Religious Freedom Updates – August 2020
By Religious Freedom Committee
Posted Sep 1, 2020 | 5:07 PM
Religion and Coronavirus
Calvary Chapel Dayton Valley sought injunctive relief from a directive on public gatherings issued by the governor of Nevada. The request was denied by the District Court and the Ninth Circuit. The Supreme Court denied cert, so the church who challenged the ruling does not have a TRO against the governor’s order. This ruling that allows casinos to operate, while not allowing churches to operate the same way, is the first really troublesome case related to COVID-19.

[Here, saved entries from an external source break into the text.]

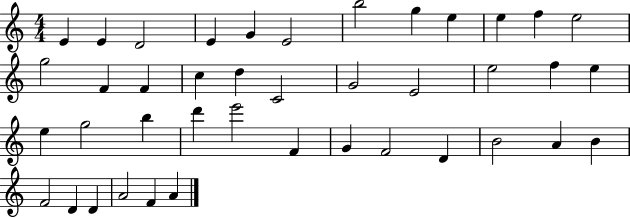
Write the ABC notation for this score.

X:1
T:Untitled
M:4/4
L:1/4
K:C
E E D2 E G E2 b2 g e e f e2 g2 F F c d C2 G2 E2 e2 f e e g2 b d' e'2 F G F2 D B2 A B F2 D D A2 F A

The Sixth Circuit denied a Muslim prisoner’s claim that he was entitled to pork-free food because the prison had witnessed him buying other products with pork in it (Zareck v Corr. Corp. of Am.). This seemed to suggest his beliefs were not sincere and seemed to contradict the practices of other Muslims in the prison system. The ruling seems to contradict the long-standing rule from Thomas v. Review Board that courts will not look into the sincerity of someone’s religious exercise by comparing it to that of members of the same faith or by the government’s interpretation of that religion’s doctrine.
What Constitutes a Religion
In Penkowski v. Bowser, two black pastors in D.C. brought establishment clause claims against the mayor of D.C. by arguing that Black Lives Matter is a form of religion and painting “Black Lives Matter” on the street violates the Establishment Clause. A number of scholars have questioned whether BLM qualifies as a religious movement. The court dismissed the case, ruling the pastors don’t have standing because mere psychological or stigmatic harm is not sufficient to provide standing—this relates to the question of whether “dignitary harm” in other contexts is enough to justify the government curtailing First Amendment rights.